# Four to six week Charter out of Grenada



## Hudsonian (Apr 3, 2008)

I'd like to explore a longer bareboat charter-- at least four weeks, maybe eight. I'm thinking Jan-Feb, 2016. My first thought is Grenada but I'm open to alternatives. Do any of you have suggestions based upon personal experience>


----------



## hillenme (Oct 11, 2012)

I've been down to Grenada a few times bareboating. The windwards are great. In that amount of time you could see quite a bit. Just 7 days is plenty of time to leisurely make your way to St. Lucia. The way back to Grenada is very easy as it will be downwind (assuming winter/spring charter). Tobago Cays is a great spot to stop for a day or two. You have to make quite a few trips through immigration if you do a lot of bouncing back and forth, but I've never found this as much of an annoyance - never spent more than an hour or so on the process. Boat boys are kinda of a pain down there. There mostly harmless but can be annoying, especially when they are bumping into your transom trying to sell trinkets while your setting your hook. I'm not sure of an outfit that does 2 month charters, I'd think it would cost a small fortune for that amount of time considering their weekly rates (I always used Horizon).


----------



## Faster (Sep 13, 2005)

Agree this could be cost prohibitive.. re customs, one of the advantages of Grenada/Carriacou and the SVG/Grenadines is that you don't have as many checkins as you do further up the chain when EVERY island is a different country. However over that many weeks you'll undoubtedly get to go through quite a few as you work your way north (and back, presumably)

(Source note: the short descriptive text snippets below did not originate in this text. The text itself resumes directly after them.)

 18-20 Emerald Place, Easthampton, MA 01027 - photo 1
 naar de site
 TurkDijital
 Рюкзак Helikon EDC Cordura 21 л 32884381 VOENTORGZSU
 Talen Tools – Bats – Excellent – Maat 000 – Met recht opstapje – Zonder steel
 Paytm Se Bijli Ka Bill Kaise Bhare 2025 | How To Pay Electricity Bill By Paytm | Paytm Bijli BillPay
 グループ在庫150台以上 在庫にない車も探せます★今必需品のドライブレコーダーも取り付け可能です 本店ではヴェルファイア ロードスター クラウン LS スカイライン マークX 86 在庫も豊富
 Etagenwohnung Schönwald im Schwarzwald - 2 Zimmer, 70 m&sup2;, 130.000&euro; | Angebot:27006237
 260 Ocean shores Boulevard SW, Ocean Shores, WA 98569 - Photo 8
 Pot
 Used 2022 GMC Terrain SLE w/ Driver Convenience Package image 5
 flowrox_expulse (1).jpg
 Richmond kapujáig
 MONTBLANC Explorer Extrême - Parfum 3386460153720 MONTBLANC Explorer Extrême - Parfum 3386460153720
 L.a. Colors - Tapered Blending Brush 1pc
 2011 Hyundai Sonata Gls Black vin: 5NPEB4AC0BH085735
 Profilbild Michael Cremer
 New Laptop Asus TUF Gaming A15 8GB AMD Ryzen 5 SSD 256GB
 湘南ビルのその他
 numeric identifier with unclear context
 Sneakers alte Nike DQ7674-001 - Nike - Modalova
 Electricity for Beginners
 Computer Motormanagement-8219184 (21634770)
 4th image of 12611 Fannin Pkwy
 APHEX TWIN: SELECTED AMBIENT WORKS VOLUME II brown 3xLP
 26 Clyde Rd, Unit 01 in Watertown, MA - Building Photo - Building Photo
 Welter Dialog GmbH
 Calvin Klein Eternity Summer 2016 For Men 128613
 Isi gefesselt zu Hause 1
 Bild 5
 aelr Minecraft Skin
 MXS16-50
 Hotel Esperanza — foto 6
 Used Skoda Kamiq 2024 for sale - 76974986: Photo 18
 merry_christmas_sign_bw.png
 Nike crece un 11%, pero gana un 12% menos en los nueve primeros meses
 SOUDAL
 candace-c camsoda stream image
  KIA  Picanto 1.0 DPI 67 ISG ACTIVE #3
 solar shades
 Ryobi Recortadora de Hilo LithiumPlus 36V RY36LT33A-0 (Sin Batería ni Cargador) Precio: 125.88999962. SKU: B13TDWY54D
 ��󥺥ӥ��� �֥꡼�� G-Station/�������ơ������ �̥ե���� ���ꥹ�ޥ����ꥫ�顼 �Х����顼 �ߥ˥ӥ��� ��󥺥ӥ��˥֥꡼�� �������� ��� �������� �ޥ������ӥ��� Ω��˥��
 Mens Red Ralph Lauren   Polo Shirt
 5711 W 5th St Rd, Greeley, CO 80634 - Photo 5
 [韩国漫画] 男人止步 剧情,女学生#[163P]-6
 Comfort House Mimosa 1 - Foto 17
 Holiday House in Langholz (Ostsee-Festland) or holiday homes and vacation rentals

The overall costs/losses may be similar if you bought a boat there and sold it after a few months... that might also allow you to make a one-way passage instead of some sort of loop - in which case buy in St Maarten/BVIs/Antigua and sell in Grenada or Trinidad....


----------



## Hudsonian (Apr 3, 2008)

I'd like to explore keeping a boat in Grenada for winter use but I'd rather not jump in with both feet. A charter of a couple of months along with a week at either end to explore the boat market and facilities in Grenada would give me enough information to make an informed decision.


----------



## capecodda (Oct 6, 2009)

I think this is a good idea. We've charted down there so many times I've lost count: St Lucia to Grenada. For us at least, a couple of weeks scratches the itch, and we're done. As expensive as your long term charter might be, it's not as potentially expensive as committing to the place before you've tried it.


----------